Prince of Persia (1989)
Prince of Persia begründet damit ein Konzept, das die Schablone für zahlreiche Spiele darstellt. Manchmal als „Cinematischer Plattformer“ bezeichnet handelt, es sich um eine Reihe von Spielen, die sich zwar inhaltlich völlig voneinander unterscheiden, allesamt aber den selben Design-Konzepten folgen. Das Genre ohne Namen zeichnet sich aber durch noch ein Element aus, das in Prince of Persia fehlt.
Another World (1991)
Another World wird ebenfalls von einem Ein-Mann-Team kreiert. Éric Chahi lehnt sein Werk offensichtlich nahe an Prince of Persia an, fügt aber noch eine bedeutsame Zutat hinzu: Er entwickelt eine neuartige Engine die mit schnellen Polygonen ähnliche Animationseffekte wie im populären interaktiven Trickfilm Dragon’s Lair darstellen kann, ohne den für damalige Verhältnisse enormen Speicherplatz zu benötigen.

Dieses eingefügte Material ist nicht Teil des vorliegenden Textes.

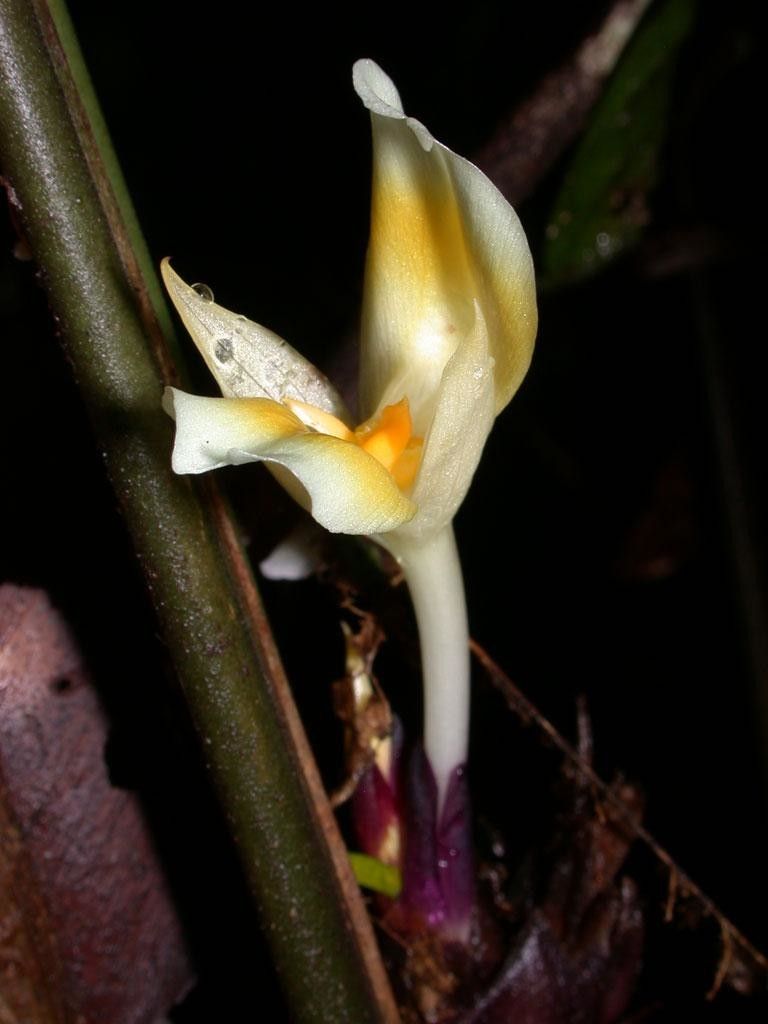 Goeppertia hammelii flower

Atmosphärische Filmsequenzen schaffen für das Spiel eine reichhaltige Stimmung und für die Welt der Videospiele erstmals die Vision vom interaktiven Film. Ein kurioses Detail: Wer um alle Fallen und Todesmöglichkeiten Bescheid weiß, der hat das Spiel in gerade mal 15 Minuten durchgespielt, was natürlich in keinem Verhältnis zu den Stunden der haarsträubenden Frustration steht, die notwendig sind, um die richtigen Verhaltensmuster anzulernen.
Heart of the Alien (1994)
Wenig bekannt ist, dass der Publisher Interplay darauf bestand ein Sequel zu entwickeln. Heart of the Alien auf Segas Mega-CD sollte die vollen Möglichkeiten der neuen CD-Technologie ausnutzen um noch mehr cineastisches Feeling zu erzeugen. Ist der erste Teil der Serie als Metapher für den emotionalen Zustand des Entwicklers bei der Arbeit zu sehen – stark spürbar in der Isolation des Hauptcharakters Lester am Beginn und seinem zehrenden Endspurt – so hält sich auch das Sequel ironischerweise an genau diese Metapher: Éric Chahi ist genau wie Protagonist Lester kaum am Spiel beteiligt, verkommt zur bedeutungslosen Nebenfigur – die Qualität des Spiels wird dem Vorgänger nicht gerecht.
Heart of Darkness (1998)
Stattdessen widmete der Entwickler seine Aufmerksamkeit einem neuen Projekt: Heart of Darkness sollte nach sechs Jahren Entwicklung die Tradition des Genres ohne Namen mit einem großen Budget fortführen. Trotz der stilistischen Unterschiede merkt man dem Titel seine Wurzeln stark an. Viele Gameplay-Ideen aus Another World finden hier eine Weiterführung und auch die Grundthematik des Besuchs einer anderen Welt, in der man sich mit Einheimischen verbündet, bleibt gleich. Während die zahlreichen gerenderten Zwischensequenzen aus der Vorzeit der modernen Computeranimation sich nicht wirklich gut gehalten haben, glänzen die dynamischen 2D-Animationen des Spiels bis heute. Das Geschehen gestaltet sich auch deutlich spielbarer und ist eigentlich noch immer eine Empfehlung wert.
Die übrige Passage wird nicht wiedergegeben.